Maddy orders the locusts destroyed, but a military agent manages to save six of them. Two escape down the drain of the lab and appear on the street, because the drains at a USDA lab where they handle dangerous pesticides open on the street. The other four are taken to California where they too escape, after the soldier carrying their container is hit in the eye by a bug. I can’t make this stuff up, I swear.

A month later Maddy finds out she’s pregnant by her ex-boyfriend (watch Lawless ACT!!!) and two huge swarms of locusts are converging on the middle of the country. Because this movie doesn’t have much of a budget for a cast coincidence is relied upon to make sure that the same four or so people keep running into the locusts. Axelrod’s daughter is put into a coma (are you helping children now, Mr. Wizard?), and Maddy’s father’s farm is attacked. As the locusts move inland the military becomes desperate to stop them – after all, this situation is beginning to effect states that voted for Bush. They decide to drop VX gas on the locusts, the same kind “Saddam used on his own people,” as if that’s the substance's advertising motto. Maddy comes up with an alternate plan, and I quote the movie exactly, to "create the biggest damn bug zapper the world has ever seen." Two power grids in the way of the swarms are electrified and the bugs killed.
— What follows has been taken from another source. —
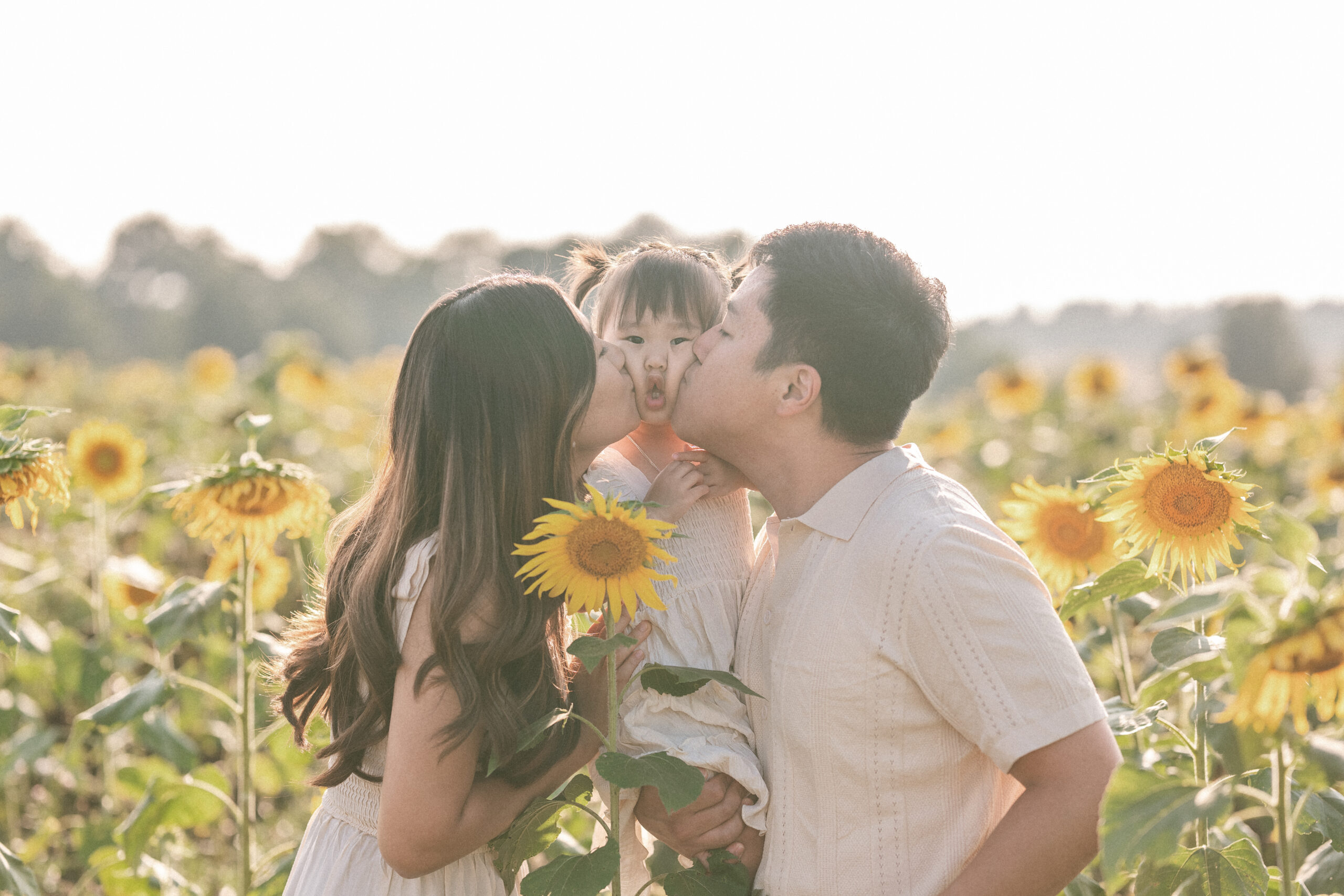 Mom and dad kissing their daughter’s cheeks during seasonal family sessions among the sunflowers.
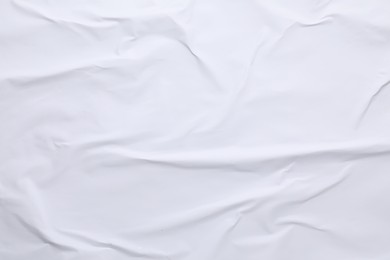 White crumpled sheet of paper as background, top view. Wall poster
At the last minute the writers of the movie suddenly remember that only six bugs were required to create the swarms of hundreds of millions, and there's no way the power lines could have killed every last locust, so a newscaster closes the movie by explaining that the locusts were sterile... If that's the case WHERE DID THE HUNDREDS OF MILLIONS OF LOCUSTS COME FROM IN THE FIRST PLACE??? Stupid movie. That's pretty much this movie in a nutshell. Awful, awful writing. The locusts aren't even carnivorous, so people only die because the freak out. Most of the deaths in the movie, I can only give the locusts an assist. I suppose this kindler, gentler killer bug is in keeping with the CBS most treasured demographic ("People So Old They Will Have Died Before the Demographics Are Reported the Next Day"), but if there's one key to making good b-movies it's that you can't go halfway. Either embrace the concept of killer insects, or make something else.